Records excerpted from a collection
● ● ● ●

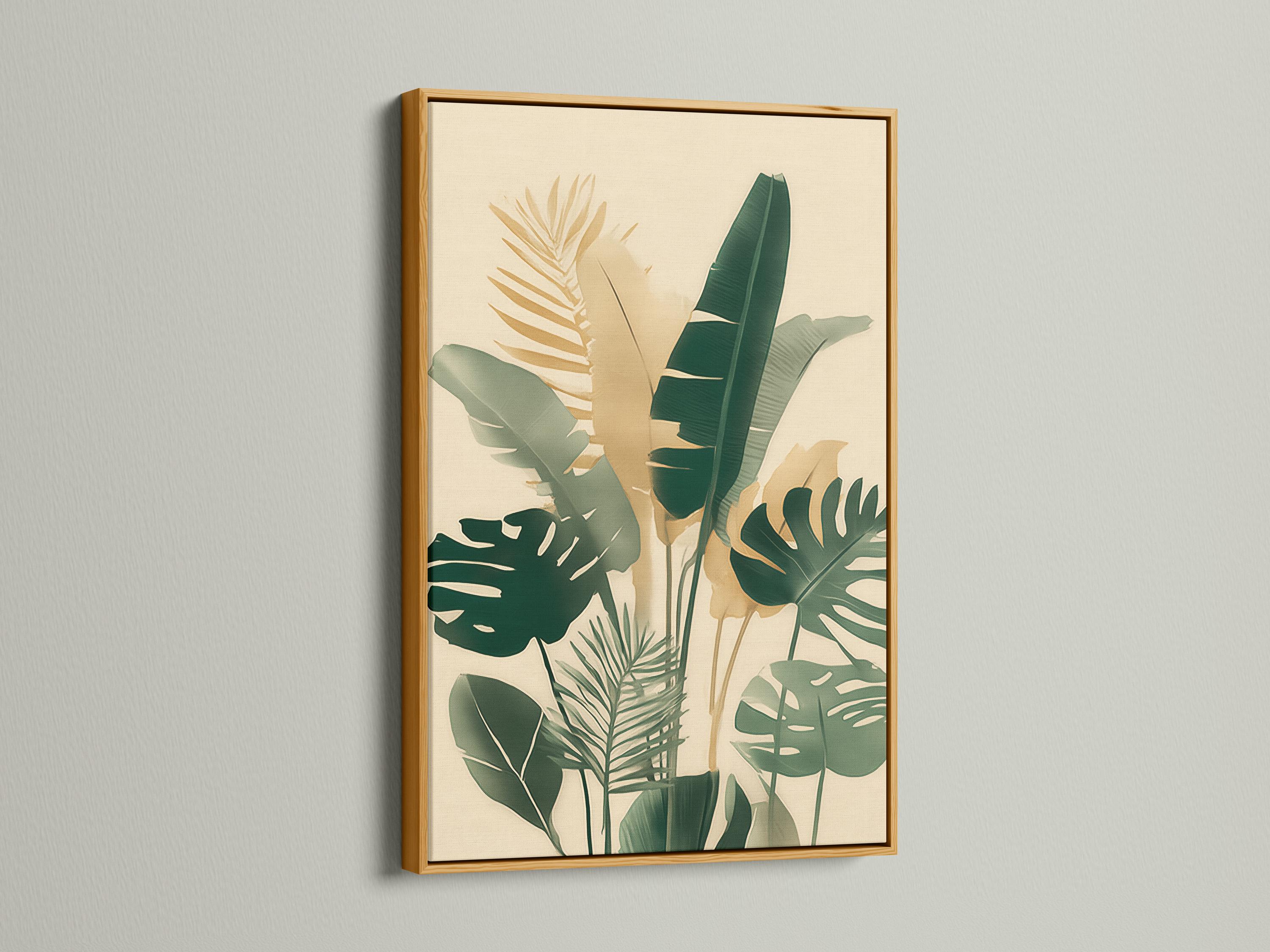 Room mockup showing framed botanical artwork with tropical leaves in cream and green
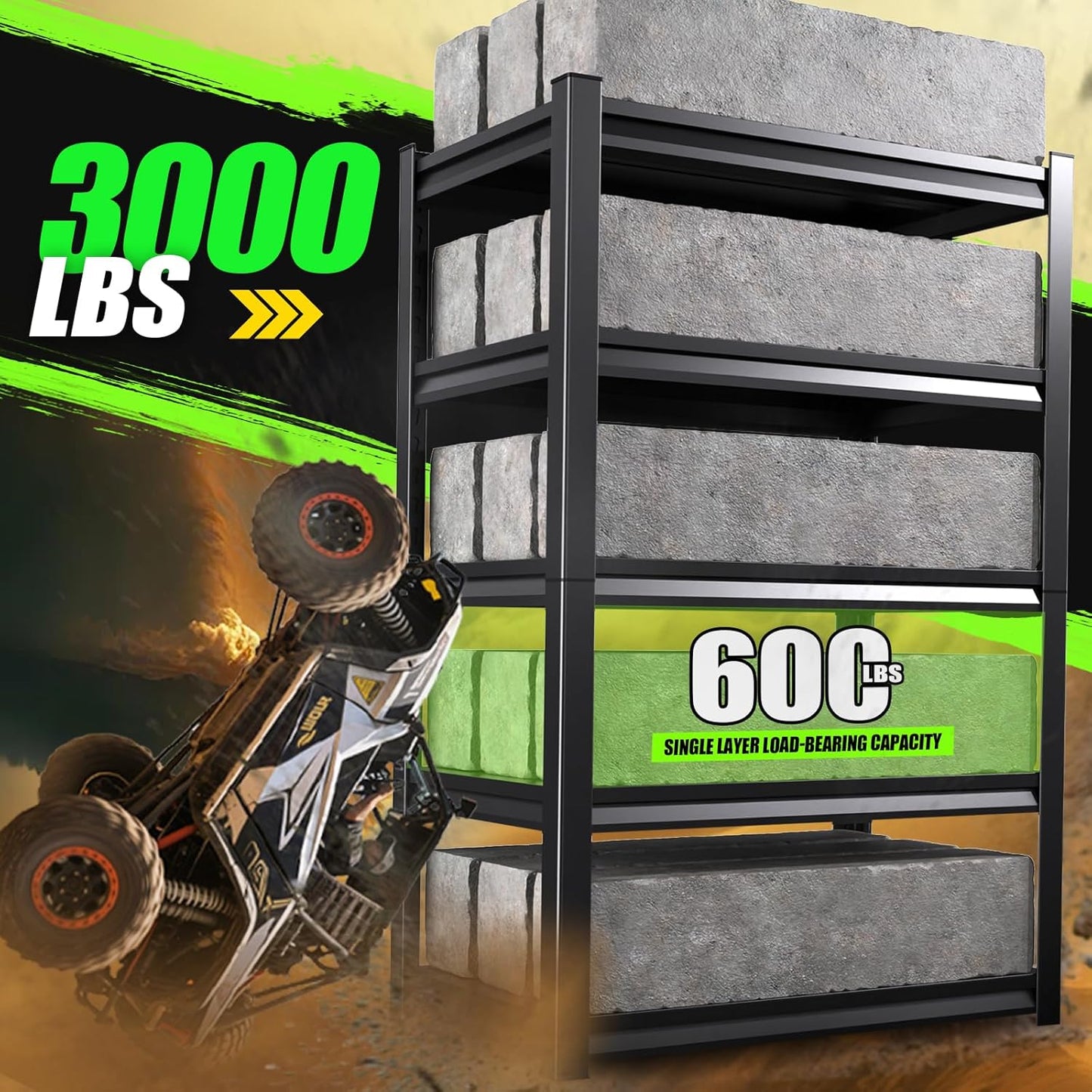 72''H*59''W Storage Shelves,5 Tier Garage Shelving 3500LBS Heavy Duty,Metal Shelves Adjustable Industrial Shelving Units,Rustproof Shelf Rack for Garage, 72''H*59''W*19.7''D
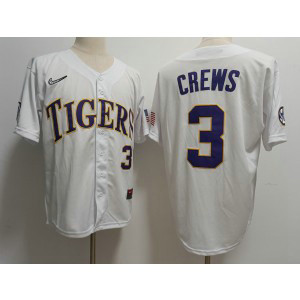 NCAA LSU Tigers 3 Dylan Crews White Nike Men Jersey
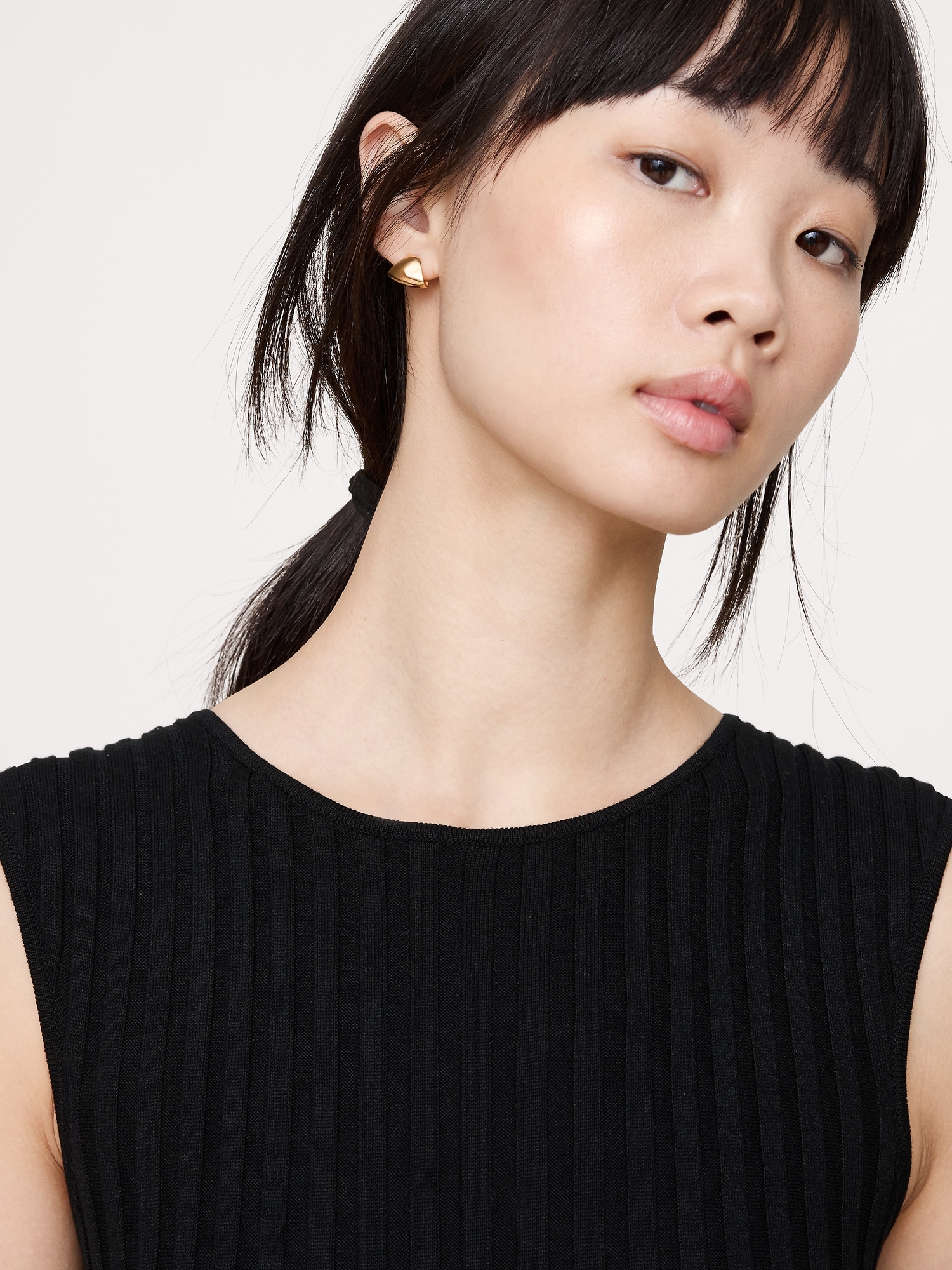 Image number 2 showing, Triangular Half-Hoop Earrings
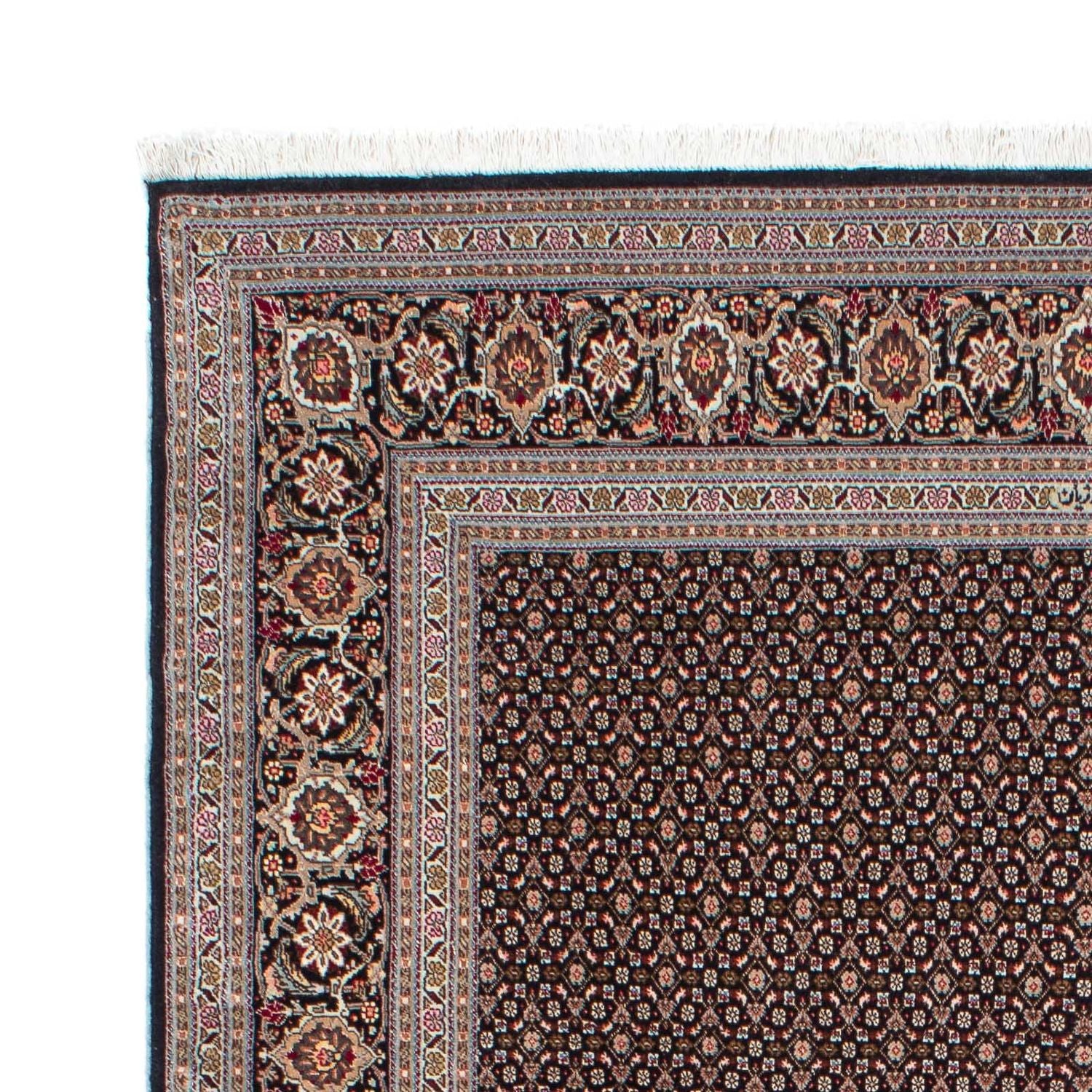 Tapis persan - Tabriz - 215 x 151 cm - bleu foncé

● ● ● ●

• _Prompt_: In the records above, find the line containing "NCAA LSU Tigers". Reproduce it and every line after it through the last line, omitting pictures.

• _Answer for this exercise_:
 NCAA LSU Tigers 3 Dylan Crews White Nike Men Jersey
 Image number 2 showing, Triangular Half-Hoop Earrings
 Tapis persan - Tabriz - 215 x 151 cm - bleu foncé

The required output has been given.